Sweeney Todd, o Terrível Barbeiro de Fleet Street
por Dinis Lourenço

Quando fui ver a peça do Sweeney Todd, no Teatro Aberto, pouco antes de estrear o filme, eu disse para com os meus botões "o Tim Burton consegue fazer algo magnífico daqui" (e estamos a falar de um Tim Burton que me tinha andado a desiludir com o "mauzinho" "Charlie e a Fábrica de Chocolates" e um "muito bom mas com um sabor esquisito" "Noiva Cadáver"). E, de facto, conseguiu. Os únicos erros que lhe consigo apontar são comparando com a peça...mas já lá vamos!

Este musical da Broadway, escrito por Hugh Wheeler e musicado por Stephen Sondheim, conta a história (um pouco invulgar para um musical da Broadway) de Benjamin Barker (interpretado por Johnny Depp), um simples barbeiro, que vive feliz com a sua mulher mas que vê a sua vida dar uma gigantesca reviravolta quando é mandado para o exílio, injustamente, pelo juiz Turpin (Alan Rickman), que lhe cobiça a mulher. Anos mais tarde Benjamin Barker regressa, envergando o nome Sweeney Todd e, com ele, uma dantesca sede de vingança...a melhor vingança desde Kill Bill.
A história tem todos os elementos de um filme de Tim Burton: um ambiente sinistro e gótico, humor negro, alguma crítica social (pois a vingança de Sweeney é dirigida a toda a sociedade industrial e corrupta da Londres do século XIX), uma história de amor distorcida entre Sweeney e a padeira Mrs. Lovett (Helena Bonham Carter), que o acolhe em sua casa.
De facto, esta "história de amor" é uma das coisas mais perturbadoras no filme, apesar de estar mais patente na peça do Teatro Aberto (possivelmente devido ao superior desempenho de Ana Ester Neves a interpretar Mrs. Lovett). É que Mrs. Lovett ama Sweeney Todd. De um modo doentio. Do mesmo modo doentio com que Sweeney ama a sua mulher que morreu (o seu passado, a sua vingança, as suas navalhas). É um estranho, perturbador mas algo comovente triângulo amoroso.
Isto remete-me para os actores, dos quais quem mais se destaca é Johnny Depp, que conseguiu adaptar-se perfeitamente à personagem (mas como, aliás, já o tinhamos visto fazer antes nos

Piratas das Caraíbas). Mas ele não é o único que está como deve ser neste filme! Alan Rickman (o “professor Snape”, com a sua maravilhosa voz) mostra-se um Juiz Turpin deveras sombrio e Helena Bonham Carter oferece-nos uma Mrs. Lovett bastante perturbada (apesar de continuar a preferir a Ana Ester Neves). E claro, Sacha Baron Cohen prova às más línguas que é realmente um bom actor, descolando-se de Borat, Bruno e Ali G e interpretando brilhantemente Adolfo Pirelli, o barbeiro rival de Sweeney Todd.
E a música!? É com a música que os actores que eu referi em cima mostram que são de facto bons e que foram muito bem preparados, visto que nenhum deles é cantor e, durante todo o filme, não tentam sê-lo. Cantam, sim senhor, mas não se põem com aventuras de quem pensa que sabe cantar. É algo sóbrio. A única coisa que lamento, mas que também só faz sentido na peça, é a ausência do coro, que dava uma dimensão muito mais sombria à história.

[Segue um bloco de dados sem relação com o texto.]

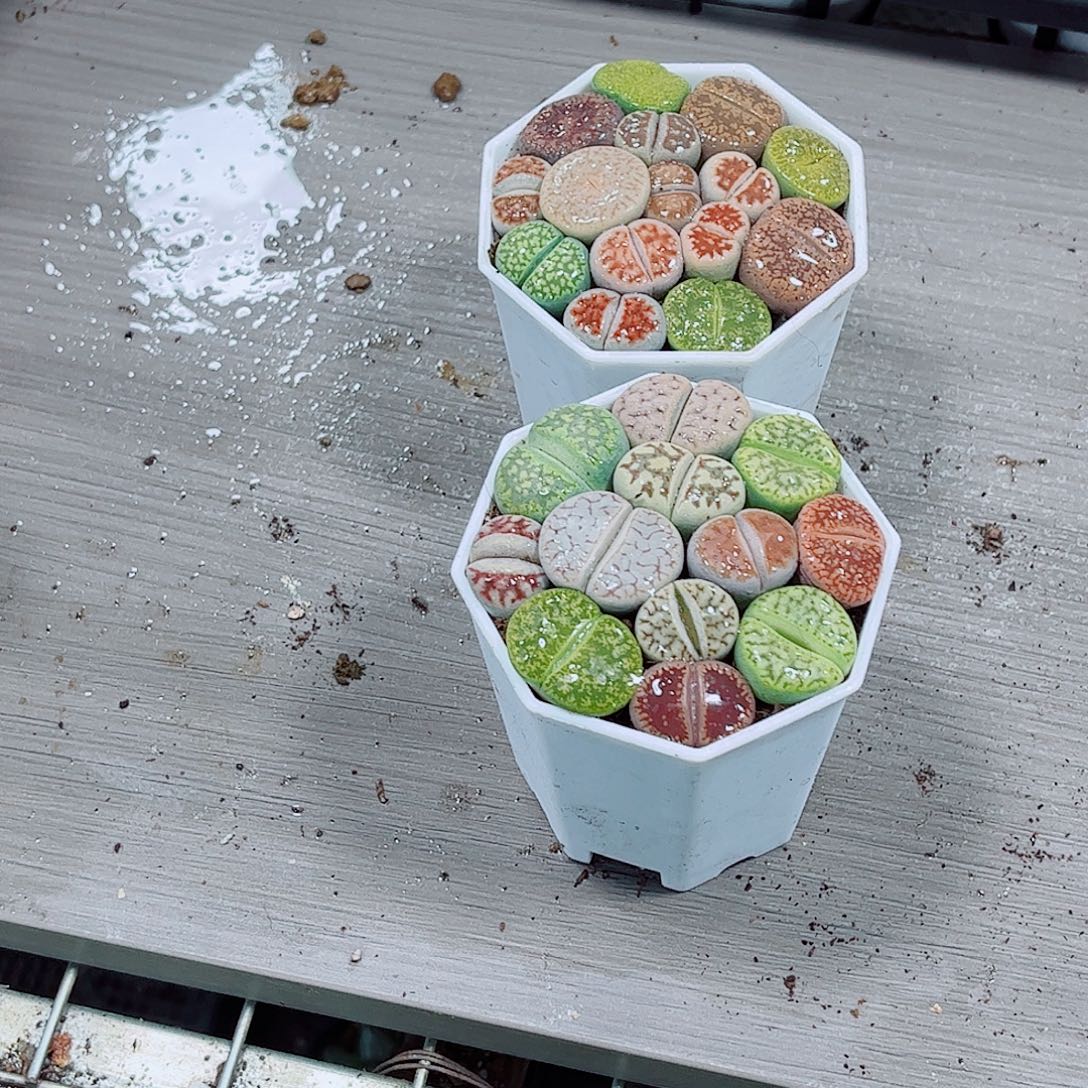 生石花玉露一勿一拍
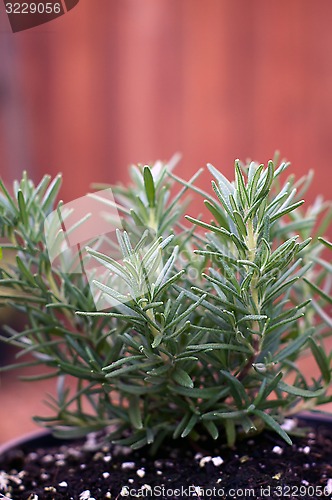 Image of young rosemary plant in pot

Esteticamente o filme é lindíssimo. Às vezes parece a preto e branco, pois as cores são-nos apresentadas gastas, velhas, sujas. Todas as cores menos uma: o vermelho do Sangue. Pela primeira vez em Tim Burton, o sangue toma um papel muito principal em todo o filme. Ele é totalmente surreal, pegajoso, espesso, um tom de vermelho quase cor-de-rosa, vivo e que causa um espectacular contraste com o resto do cenário morto como eu só vi em Sin City.
Resta-me dizer que é uma excelente adaptação de um musical fora do vulgar, falhando em apenas algumas coisas, como a personagem da mendiga, que podia estar melhor aproveitada. Mas nem por isso o filme fica atrás da produção teatral, pois utiliza inteligentemente o trunfo da fotografia, criando imagens como a que fecha o filme (e deixem que vos diga que tem um final surpreendente...mas justo)...um verdadeiro "La Pietà".